Record excerpts:
^^^^

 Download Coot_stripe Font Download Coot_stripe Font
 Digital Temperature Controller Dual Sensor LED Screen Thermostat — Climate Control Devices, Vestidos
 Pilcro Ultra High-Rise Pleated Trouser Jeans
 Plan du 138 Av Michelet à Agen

^^^^

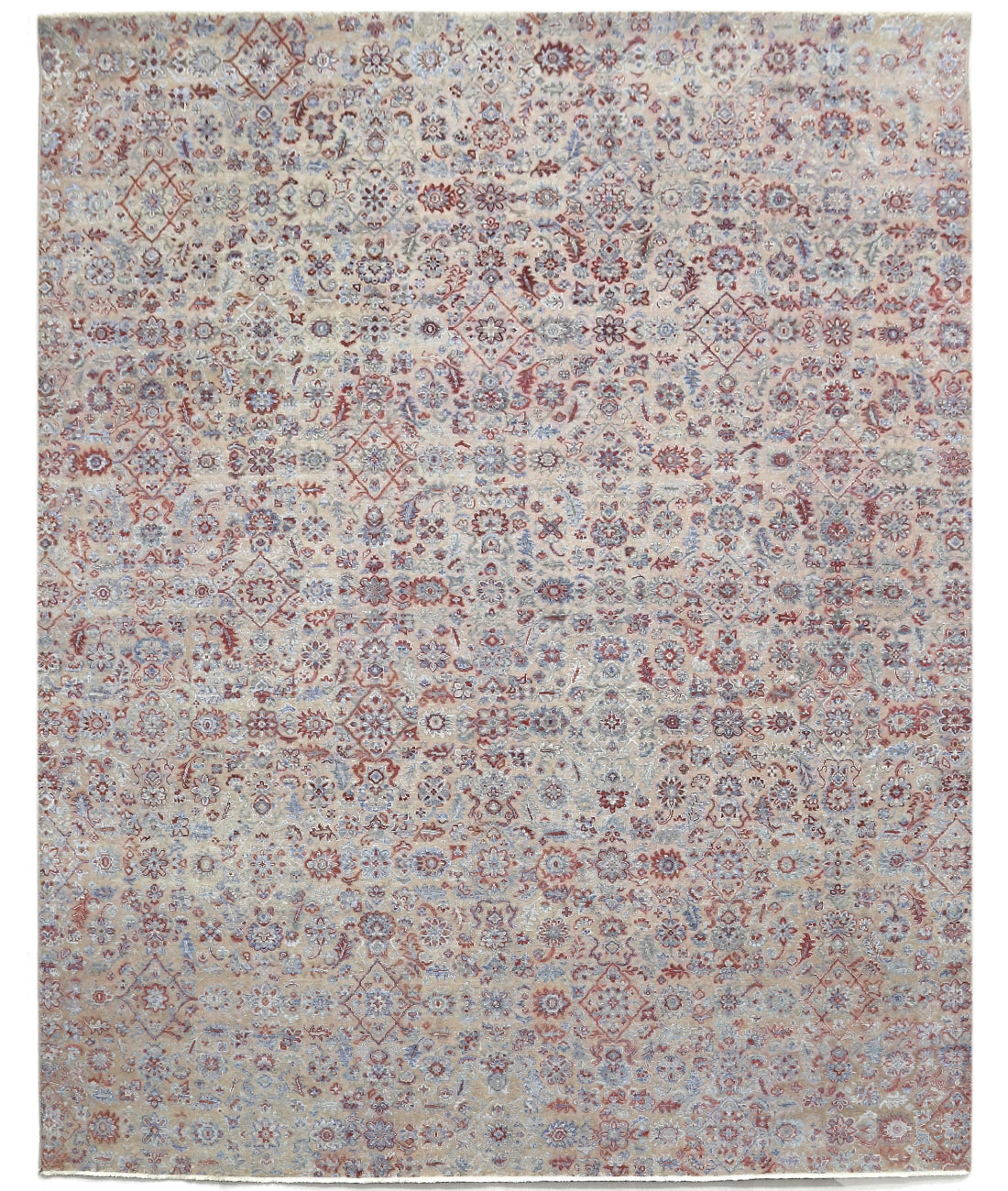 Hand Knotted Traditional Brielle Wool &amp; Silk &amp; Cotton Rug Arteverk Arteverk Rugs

^^^^

The task: The entries above hold the needed span. Transcribe exactly the lines from the one with "Pilcro Ultra High-Rise Pleated Trouser Jeans" to the one with "Plan du 138 Av Michelet à Agen", both included.

Solution for this task:
 Pilcro Ultra High-Rise Pleated Trouser Jeans
 Plan du 138 Av Michelet à Agen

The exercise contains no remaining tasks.